Made effective on November 17, 2014, Texas’ crowdfunding exemption is based on the intrastate offering exemption of the Securities Act of 1933 and SEC Rule 147. Because of this, only Texas based companies meeting certain criteria may use the offering exemption, and only Texas residents may invest in those offerings. Beyond being limited to Texas companies and investors, many provisions of the Texas crowdfunding exemption will be familiar to those who have been following the SEC’s Regulation Crowdfunding (including the use of crowdfunding portals and the $1 million raising cap).
Texas’ crowdfunding exemption addresses and imposes a number of limitations on Issuers, Investors, and Dealers/Portals—each to be discussed in turn.
As an initial matter, any company wishing to use the crowdfunding exemption must be organized in the state of Texas and must maintain its principal office in Texas. Companies that pass these two initial hurdles must then demonstrate: (i) at least 80% of the company’s gross revenue during its most recent fiscal year is derived from the operation of a business in Texas; (ii) at least 80% of the company’s assets at the end of its most recent semiannual period prior to the offering are located in Texas; and (iii) the company will use at least 80% of the net offering proceeds in connection with the operation of its business within Texas. (Excluded from using the exemption are “bad actors,” investment companies, and SEC reporting companies.)
The exemption then requirements companies to make a number of disclosures when registering to become an issuer. Companies must disclose, among other information, (a) a general description of its business, (b) its management and major stockholders, (c) how the offering proceeds will be used, and (d) financial information. Notably the financial information does not need to be audited, it simply must be certified as true by the principal executive officer. (But if the issuer does have audited financials for any of the previous three years, those must be disclosed.)
Once all of the Texas residency requirements have been satisfied and all of the necessary disclosures made, companies may then issue securities through the crowdfunding exemption. Companies are limited to raising no more than $1 million in any 12-month period—the same cap imposed by the SEC’s Regulation Crowdfunding.

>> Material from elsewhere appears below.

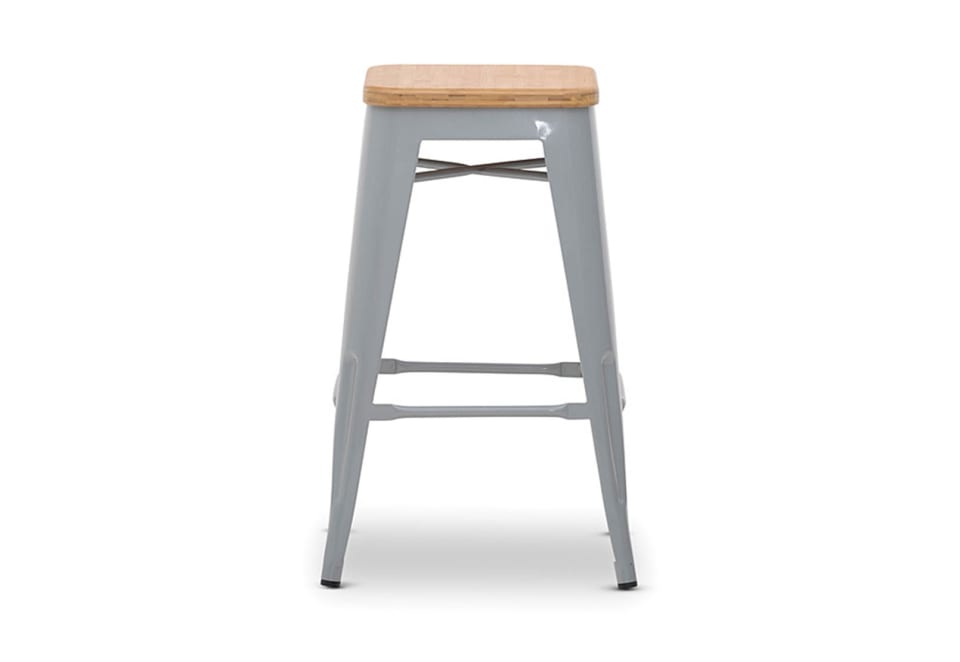 HARZ 68cm Timber Seat Stool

Investors in these offerings are limited to Texas residents. As will be described below, it is the responsibility of the dealer/crowdfunding portal to verify an investor’s Texas residency. Non-accredited investors are limited to investing a maximum of $5,000 in any offering, while accredited investors (as defined in SEC Rule 501) are not limited to any particular amount. Unlike the SEC’s Regulation Crowdfunding, investors are not otherwise limited by net worth or annual income.
Any offer or sale of securities by an issuer must be made through a registered dealer or registered crowdfunding portal. It is the responsibility of the dealer/portal to verify investor residency before allowing investors to view available offerings. Residency is verified through such identification as a Texas driver license, Texas voter registration card or property tax records.
The Texas’ crowdfunding exemption, like the seven other states with similar exemptions, is hampered by the fact it is based on the intrastate offering exemption. As such, companies using these crowdfunding exemptions are limited in both their access to investors as well as their communications about the offering. The SEC’s Regulation Crowdfunding is supposed to address and solve these problems, but it is unknown when the SEC will issue its final rules and what form exactly they will come in.